Also, I appreciate the argument Dan and others have made, here and elsewhere, about religion providing moral guidance for want of a better phrase, but I have two big problems with that. One is that it kind of implies that atheists are necessarily immoral, or at best amoral, and in consequence likely to rob, rape or murder the next person they run across; the other is that the moral guidance offered by religion quite often fucking stinks, to put it bluntly - whether it's women getting stoned to death in Iran for adultery or Christian fundies in America picketing the funerals of Aids victims. The UDHR may frequently be regarded as scarcely worth the paper it's written on when considered against the sum total of appalling wickedness and inequality that goes on all over the world, but I think it can only be considered a step in the right direction when you consider the alternative (other than complete lawlessness), namely theocracy.

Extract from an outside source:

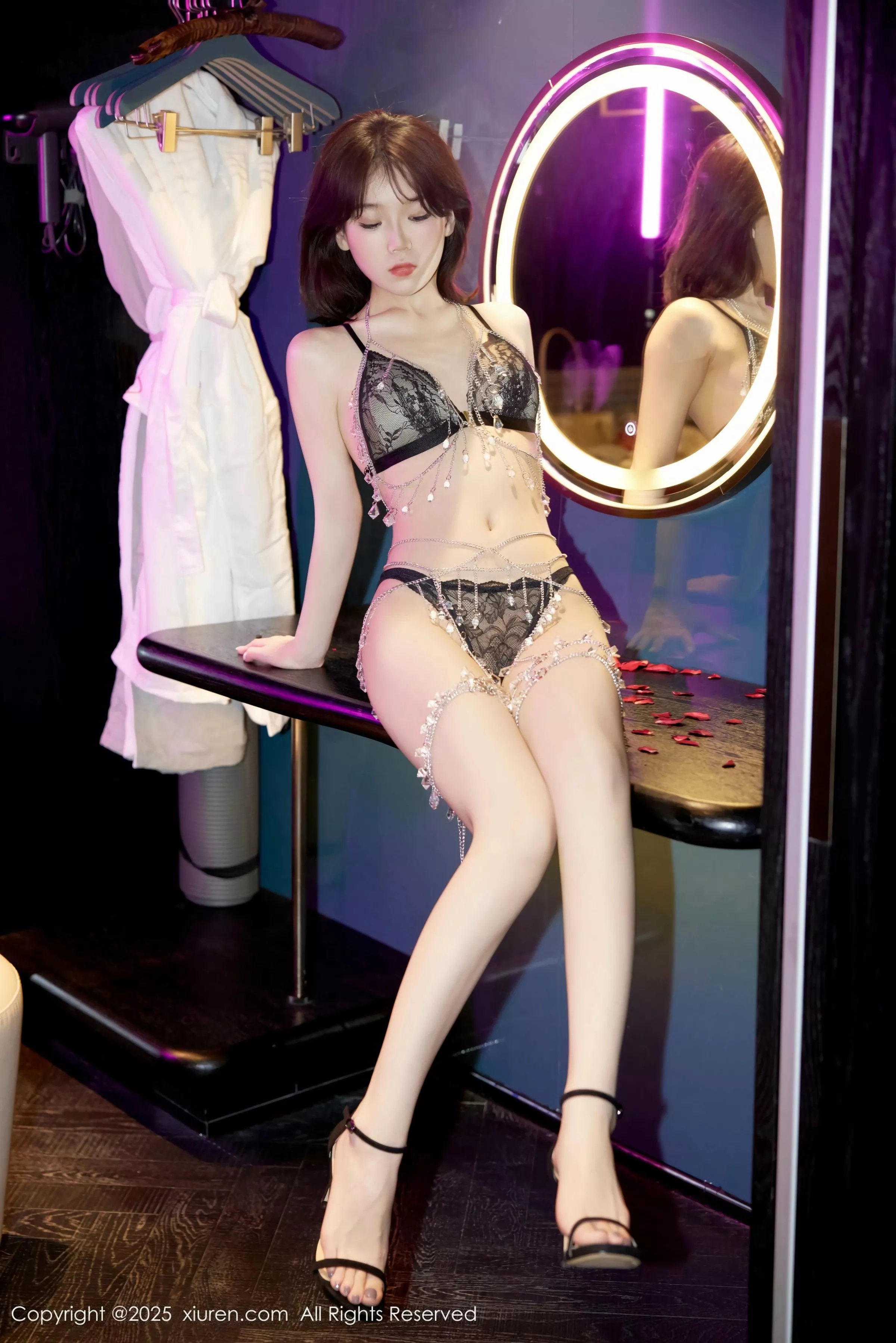 汁汁私房性感黑色情趣内衣配宝石装饰秀完美身材绝美写真 第 31 张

Edit: some great points from nomad in the last couple of pages - had to laugh at "what men think is always more rational that women
and other men think".
Edit2: I see where luka's coming from too, but I think you can get that benefit of metaphor, psychic structuring or whatever from myths without literally believing them to be true. In zhao's thread about the 'lack of the mysterious' he made some (pretty silly, I thought) point about the wonder-filled world view of magic realist authors versus the drab, grey, soulless (
ad nauseam) universe espoused by us unimaginative rationalists, and he name-checked a few authors including Rushdie. Because obviously the Cambridge-eduated, Booker-winning author literally believes in ghosts, witches, prophecies and all the rest of it. I mean, seriously! You can enjoy fairytales without needing the fairies to be real, can't you? I think this is one area where Hinduism and Buddhism maybe do a little better than the Abrahamic religions, because a lot of the stories in their ancient scripture are
so transparently fantastical (I mean psychedelically fantastical, in contrast to the common-or-garden fantastical mythology in the Bible/Qu'ran) that there's a case to be made that it's implicitly understood that they're not literally true, but are metaphors for deep spiritual truths, whatever you think of
those. So followers of those religions might be susceptible to all sorts of other superstitions and quackery, but they don't have this crazy insistence on ideas that have been flatly disproven, like the world being 6,000 years old.